Best Flask open-source libraries and packages

Email Spam Detection

Project developed to learn about NLP, experimenting with the NLTK library and keeping Flask endpoints available to explore
Updated 7 months ago

Email-Spam-Detection

In this repository, I implemented a small project to practice NLP, specifically for Email Spam classification. The dataset used for this project is available in Kaggle, and the implementation was based on a tutorial presented by Greg Hogg.

There are two main artifacts that can be executed here:

  • A Jupyter Notebook
  • A Flask application

Requirements

  • pandas
  • nltk
  • matplotlib
  • seaborn
  • tqdm
  • jupyter
  • flask
  • scikit-learn
  • numpy

How to run the Jupyter Notebook

  • Clone the repository
  • (Optional but recommended) Create a virtual environment for the project
  • Activate the virtual environment (On Windows: open the /venv/Scripts folder and run activate)
  • Install the dependencies:
pip install -r requirements.txt
  • Run your Jupyter server, either:
    • Using a platform like Visual Studio Code, OR
    • Using the terminal, in the venv you created, running the jupyter notebook command
  • Open the Email_Spam_Classification.ipynb file
  • Have fun 🙂!

How to run the Flask application

  • Open your terminal
  • Activate the virtual environment created (On Windows: open the /venv/Scripts folder and run activate)
  • Run:
python app.py

Trying out the end-points

A quick way to try the end-points available is by running the Flask app and executing in terminal the cURL commands below. Please, note that there is a difference for the cURL commands depending if you are using Linux or Windows (did not check for different operating systems): Linux uses apostrophes, while Windows does not, requiring some small changes on the quotation marks. Using Windows, the quotation marks inside of the JSON must be replaced by ", while the apostrophes out of the JSON should be replaced by normal quotation marks.

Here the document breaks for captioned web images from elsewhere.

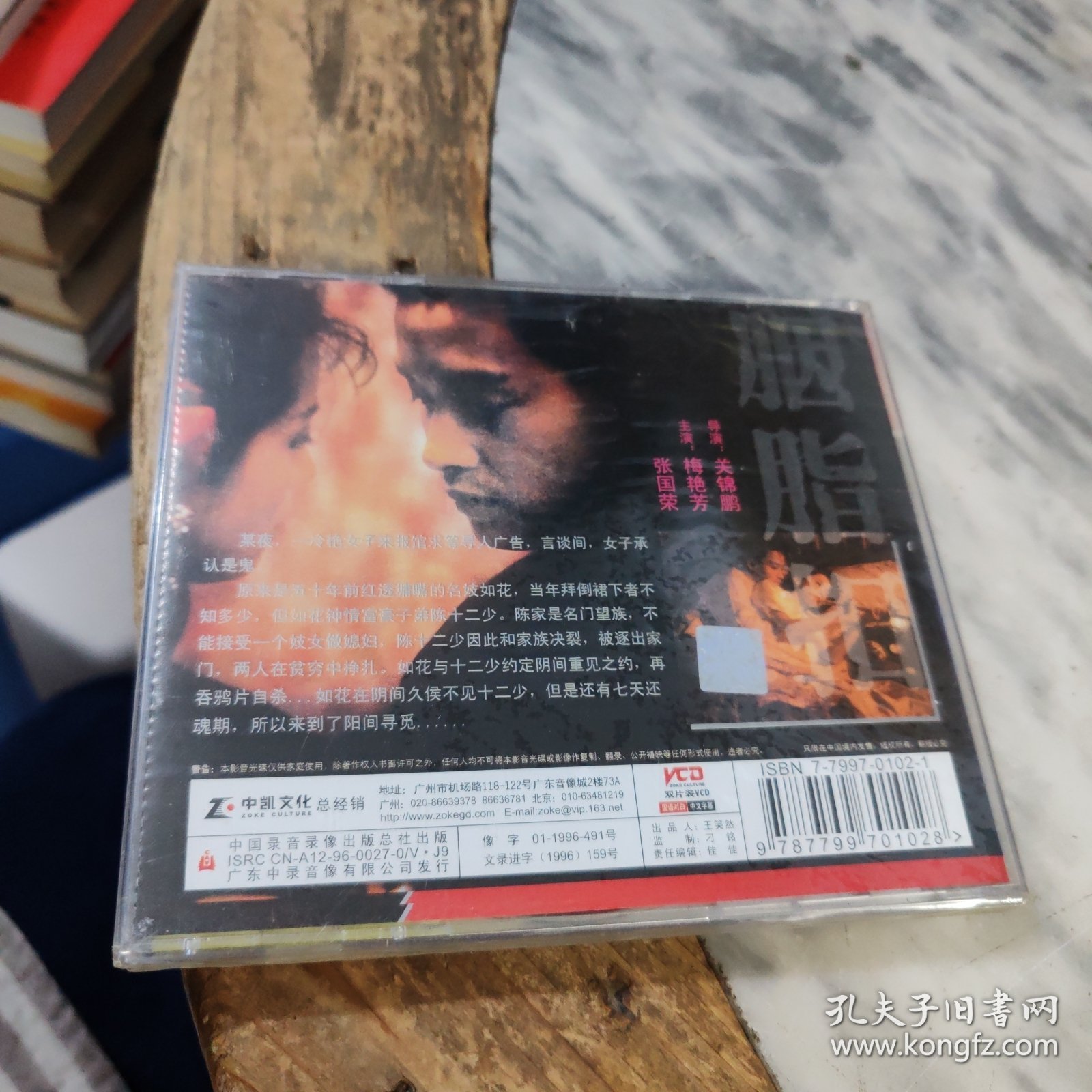 中凯文化 胭脂扣DVD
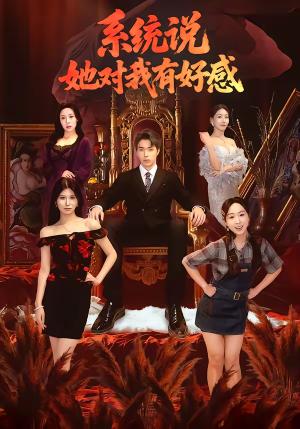 系统说她对我有好感（80集）任艺聪＆孟鑫湉（夸克网盘）封面图 - 都市短剧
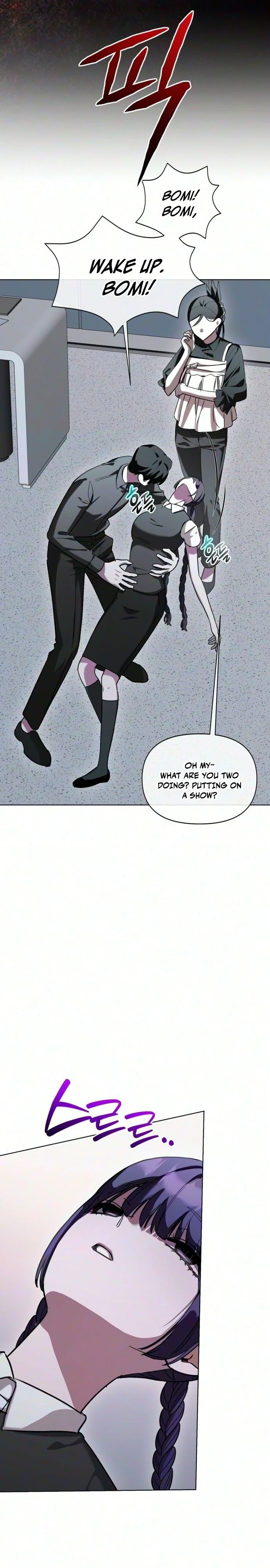 Read Sindeullin Soksajeong chapter 21 image 27 on Lezhin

Having this explained, the end-points available are:

/convert_message

POST end-point that takes a String as input, and returns the tokens present in that message (except stopwords).

To test via terminal (Linux), run:

curl -X POST -H "Content-Type: application/json" -d '{"message": "Hey, this is a test message!"}' http://127.0.0.1:5000/convert_message

In Windows, the corresponding command would be:

curl -X POST -H "Content-Type: application/json" -d "{\"message\": \"Hey, this is a test message!\"}" http://127.0.0.1:5000/convert_message

/predict

POST end-point that takes a String (something like an email message) as input, and returns the prediction to whether this message is or not a spam according to the classifier trained. The examples below were prepared using the Linux syntax of cURL, so if you are on Windows, please make the conversion as explained previously.

An example of message that would NOT be classified as a spam is in the following cURL command (for Linux):

curl -X POST -H "Content-Type: application/json" -d '{"message": "Hey, this is a test message (not spam)!"}' http://127.0.0.1:5000/predict

Opposite to the previous example, if you use the command below you will see a case classified as a spam by the model:

curl -X POST -H "Content-Type: application/json" -d '{"message": "Hi there, go get ur free drink today!"}' http://127.0.0.1:5000/predict

Understanding the classifications

Before training the model, some steps were performed over the dataset (you can find them in details in the Email_Spam_Classification.ipynb notebook). After counting how often each token appeared in the dataset, 16 tokens were defined as 'important features' which appeared more than 200 times in the dataset. These 16 tokens are the following:

['4', 'good', 'go', 'free', 'ok', 'å', 'get', 'gt', 'ur', 'like', 'call', 'day', 'u', '2', 'know', 'lt']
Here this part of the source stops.